The path under inputs.artifacts must be end with a particular file, details can be found in Q&A.

inthe outputs.artifacts, due to hana data lake doesn't support the disabling archive, the actual output is gzip file and store into data lake, to see help document for details.

7. Configuration and Execution in AI Core

The most important thing in configuration is binding the Artifact to the placeholder of input artifact.

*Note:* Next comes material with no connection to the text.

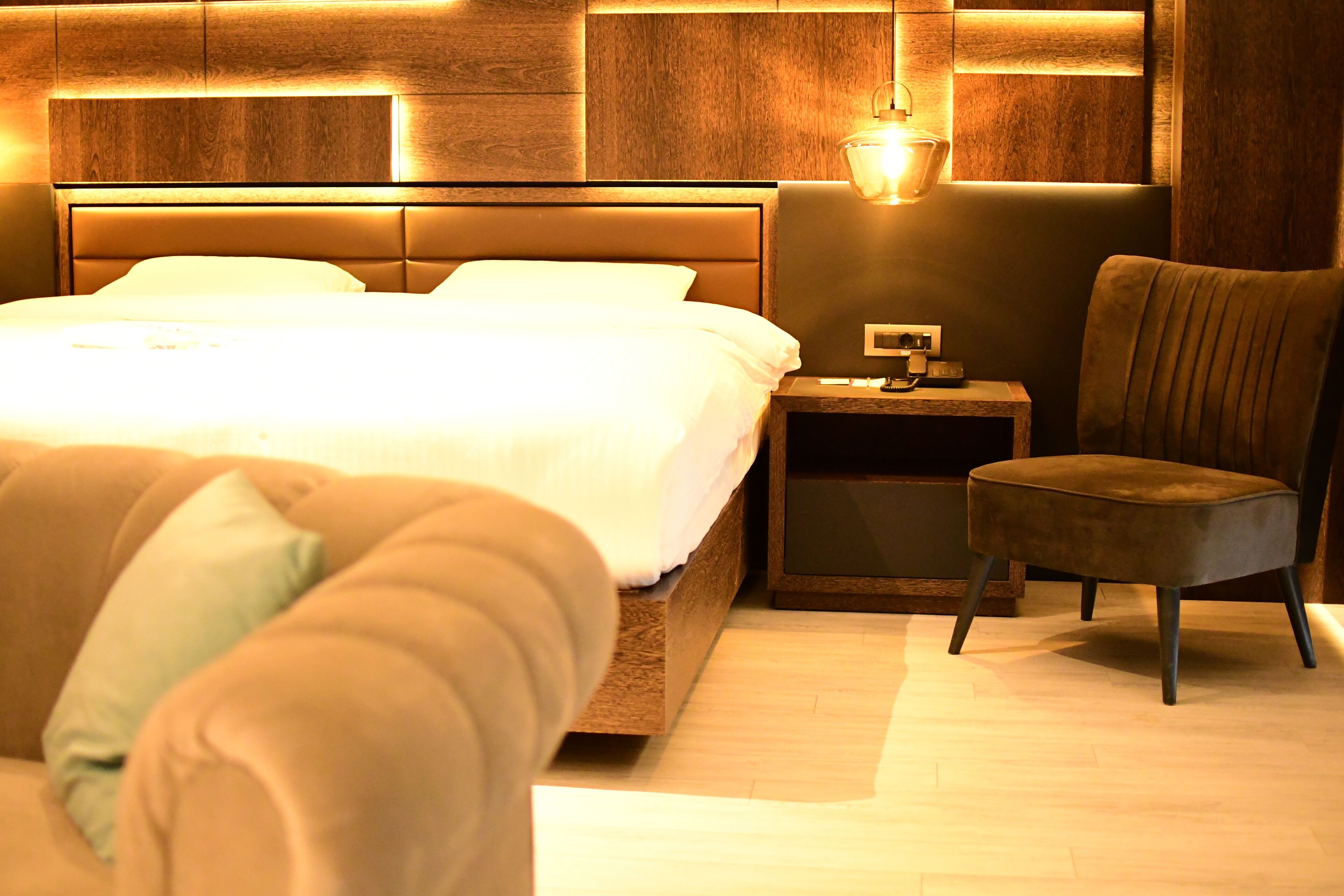 A modern hotel room with a large bed, a nightstand, a chair, and a wall-mounted lamp.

After created the configuration we can start a execution with it.

The execution will:

download the dataset from the data lake;

copy it to the docker container (training);

the training will generate a model and save it with artifact (located in path: <executionid>/model);

the model also will be strored into data lake.

model in the data lake:

8. Summary

We have to genrate client certificate and key for consuming hana data lake, and register the details into object store secret (default for saving model and others for input artifacte), then we can use the file in configuration to match the placeholder defined in workflow and the actual file through artifact.